3. The remote controlled circuit breaker apparatus as claimed in claim 1, wherein said first conducting support comprises a pivoting lever which is held in a rest position by a resilient return force of a spring and by a stop when said switch does not have short circuit currents passing therethrough, and which may move away from this position under the effect of the repulsion forces appearing between said first and said second conducting supports.

4. The circuit breaker apparatus as claimed in claim 1, wherein said electromagnet is returned to a rest position by a spring.

5. The circuit breaker apparatus as claimed in claim 1, wherein said electromagnet is polarized by at least one permanent magnet and is held in a work position by the flux of this magnet.

6. The circuit breaker apparatus as claimed in claim 2, wherein said electromagnet is controlled by current impulses and a mechanical engagement device is associated with said abutment element, said device having rest and work positions and passing successively from one of these positions to the other whenever said electromagnet receives a current impulse, the passage of the device to the work position causing the second contact to move in its open position.

7. The circuit breaker apparatus as claimed in claim 1, wherein said remote control electromagnet is disposed in a removable case or plate which is situated between a securing surface and a body containing said switch and said quick trip mechanism, said apparatus further comprising closure means adapted to close a region common to the body and to the removable case when this latter is not connected thereto.

8. A circuit breaker according to claim 1, wherein said first contact is a fixed contact which is mounted on a fixed conducting support.

9. A circuit breaker according to claim 1, wherein said coupling means comprises means for establishing an electric insulation between said second conducting support and said electromagnet.

10. A remote controlled circuit breaker apparatus, more particularly a multiphase circuit breaker comprising:

(i) a switch place in an arc extinction chamber, said switch having:

a first contact mounted on a first conducting support.

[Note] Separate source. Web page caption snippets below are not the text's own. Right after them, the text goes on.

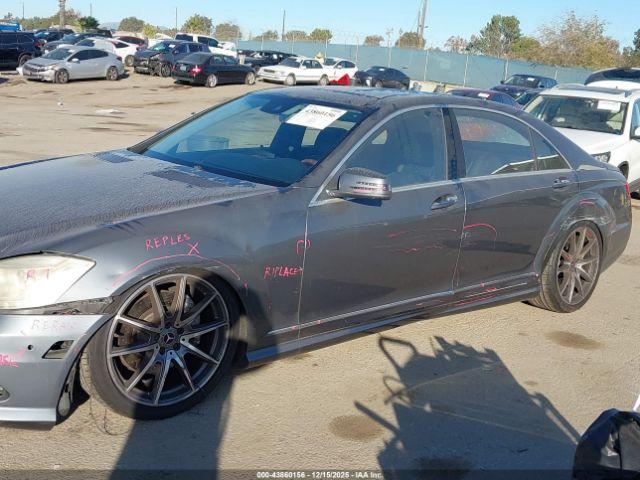 Mercedes-Benz S-Class Image 12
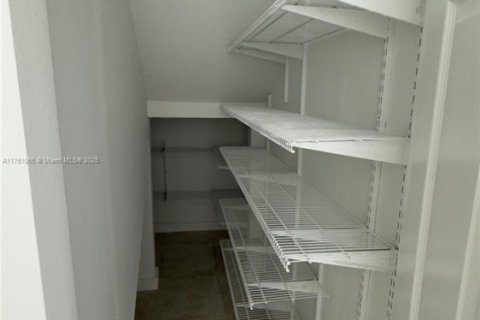 Adosado en venta en Homestead, Florida, 3 dormitorios, 142.6 m2 № 1862895 - foto 15
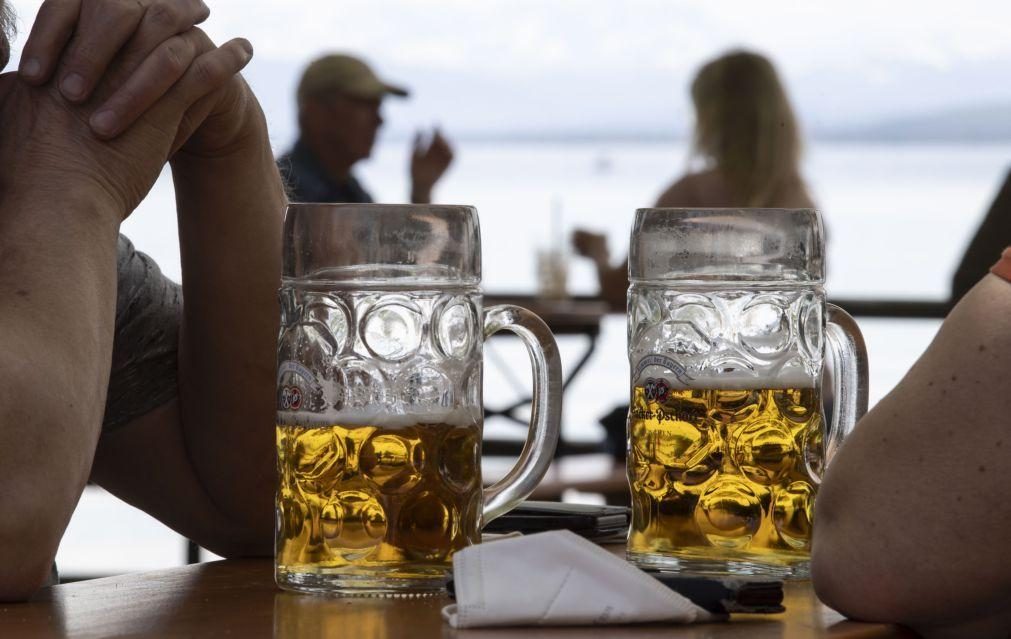 Cada português consome 12 litros de bebidas alcoólicas por ano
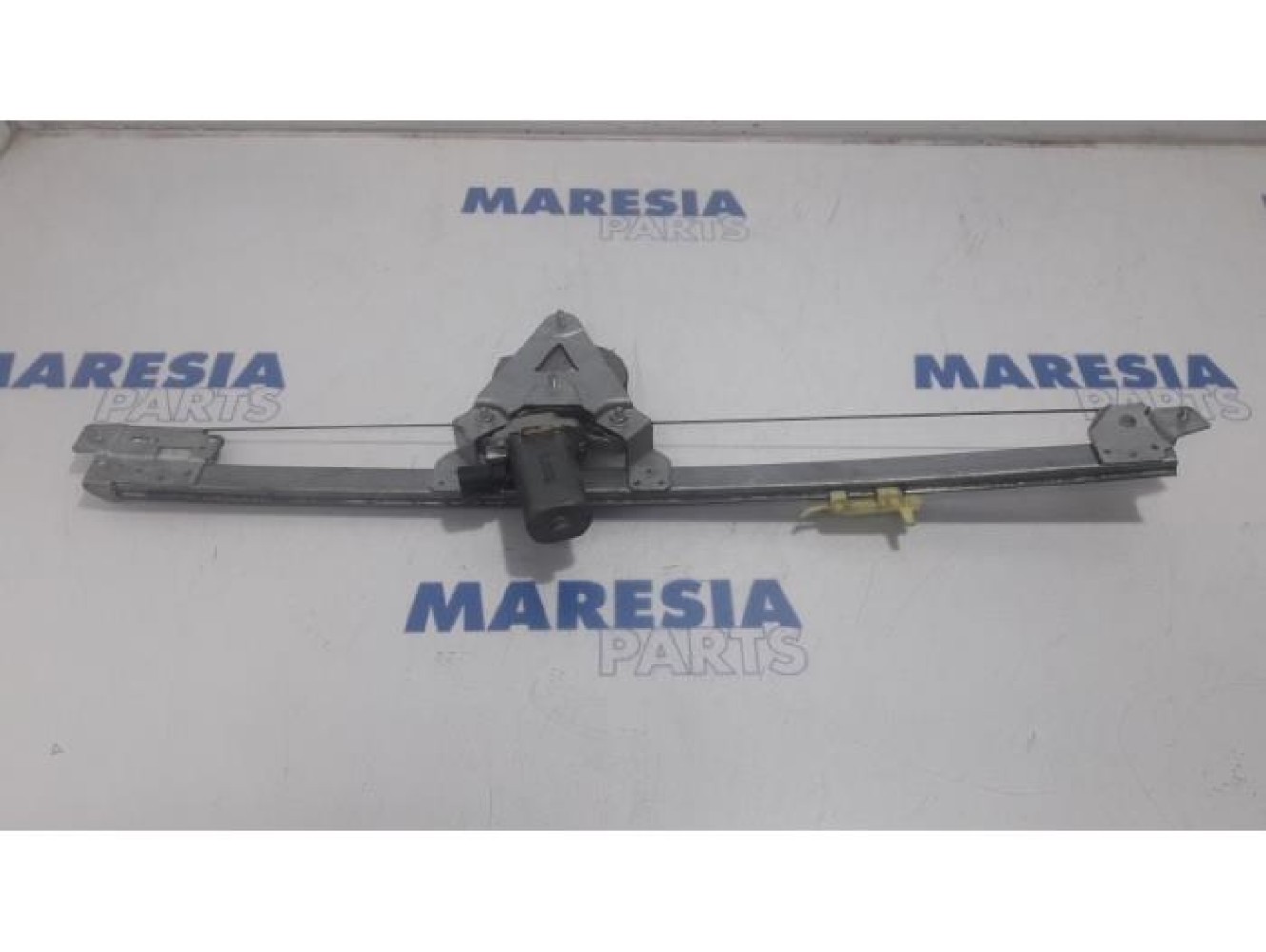 Renault - Trafic - Window mechanism 2-door, front right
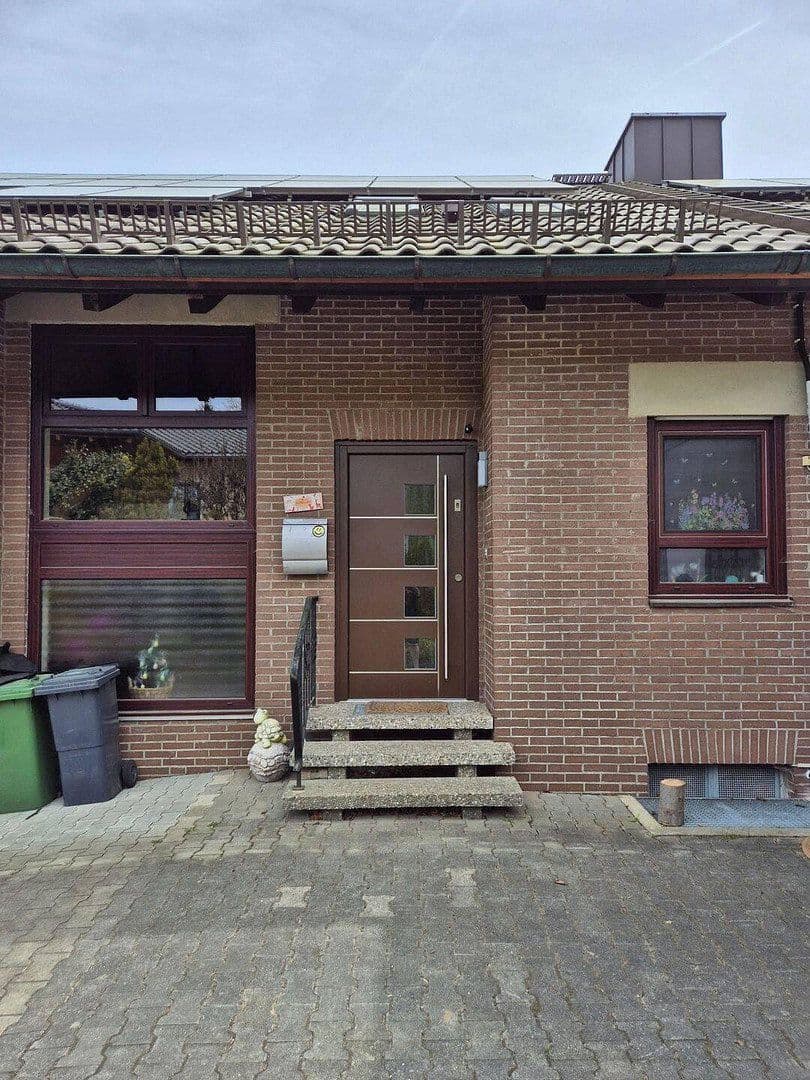 house for sale, 318 m², Neukirchen bei Sulzbach-Rosenberg, Bavaria house for sale, 318 m², Neukirchen bei Sulzbach-Rosenberg, Bavaria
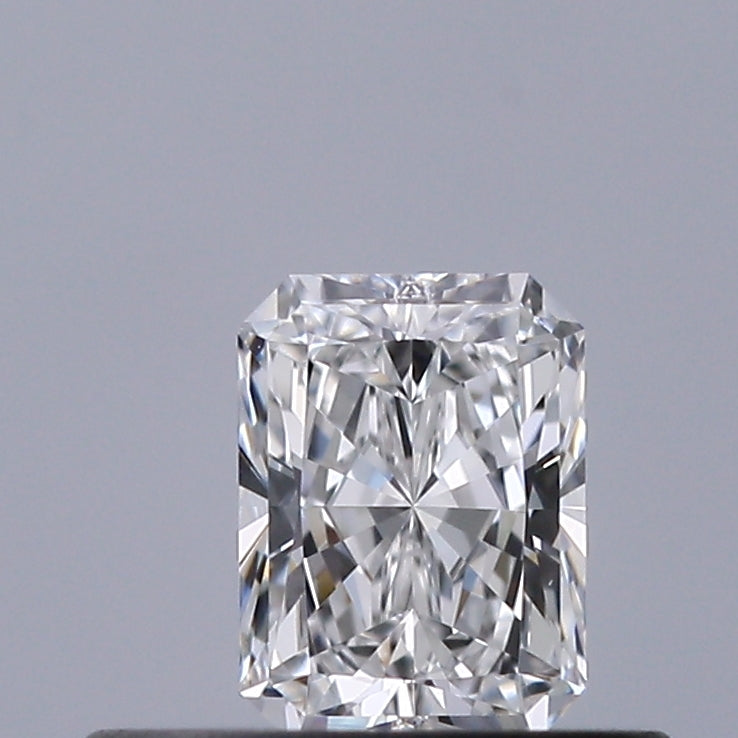0.31 carat Radiant diamond E VVS1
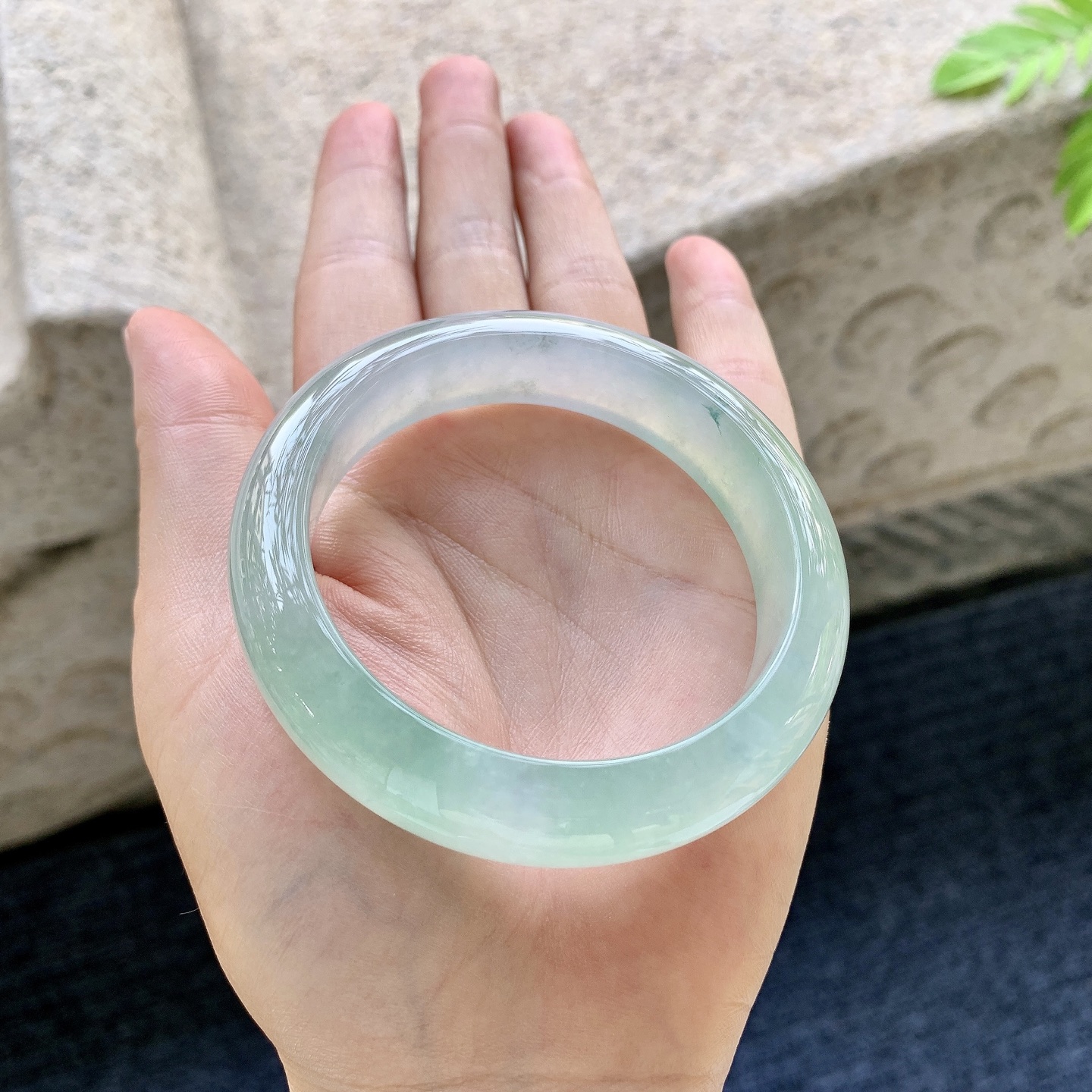 正圈53 54 圈口54.2/13.5/8.7 编码QX090638 冰飘绿，水润，种老，细腻，无裂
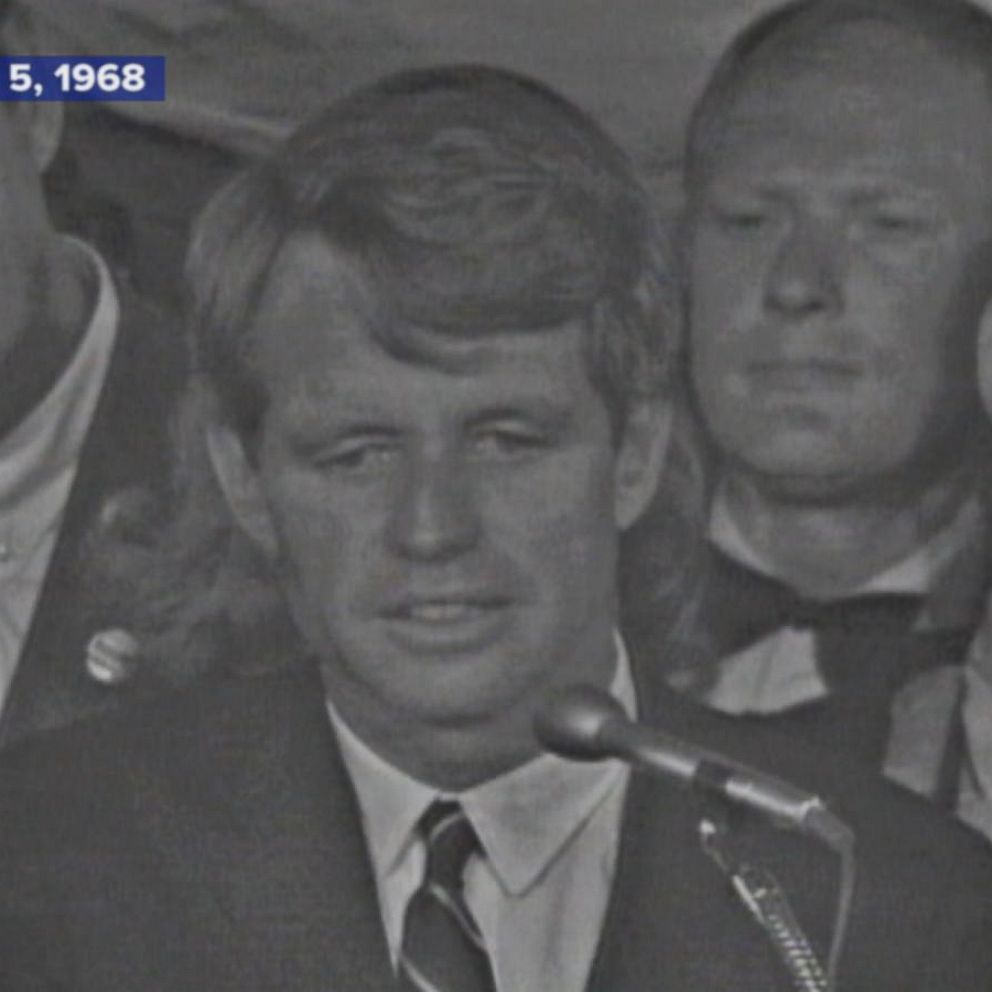 1968 ROBERT F KENNEDY Campaign Speech PHOTO 144-u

a second contact mounted on a second conducting support mobile with respect to the first conducting support and provided with a pusher, and a resilient means, said second contact being movable between at least an open position and a closed position, wherein it is applied against said first contact and said second conducting support is facing said first conducting support and extends substantially parallel thereto so as to be subjected to electrodynamic forces caused by short circuit currents flowing through said switch;

(ii) a quick trip mechanism which may be set and released by means of a local manual member, said mechanism, when set acting on said second conducting support for causing said second contact to pass from the open position to the closed position and when released, acting on said second conducting support through said resilient means for causing said second contact to pass from the closed position to the open position;

(iii) detector means which react to overcurrents by tripping said mechanism and therefor causing said second contact to pass from the closed position to the open position;

(iv) a remote controlled electromagnet independent from the quick trip mechanism, said electromagnet having a mobile armature coupled to a transmission piece provided with an abutment surface which bears on said pusher, only for causing controlled opening movements of the second contact under the action of the electromagnet, said resilient means acting on said second conducting support to cause the contacts to be applied against each other under a contact pressure when said quick trip mechanism is in a set position and to allow, in this set position, said controlled movement and a relative opening movement of the contacts under the effects of said electrodynamic forces which causes a limitation of said short circuit currents.

11. The circuit breaking apparatus as claimed in claim 10 wherein said second conducting support is a pivoting lever having a first pivoting axis and said pusher is actuated by a rotary transmission piece having a second pivoting axis which extends parallel to the first pivoting axis.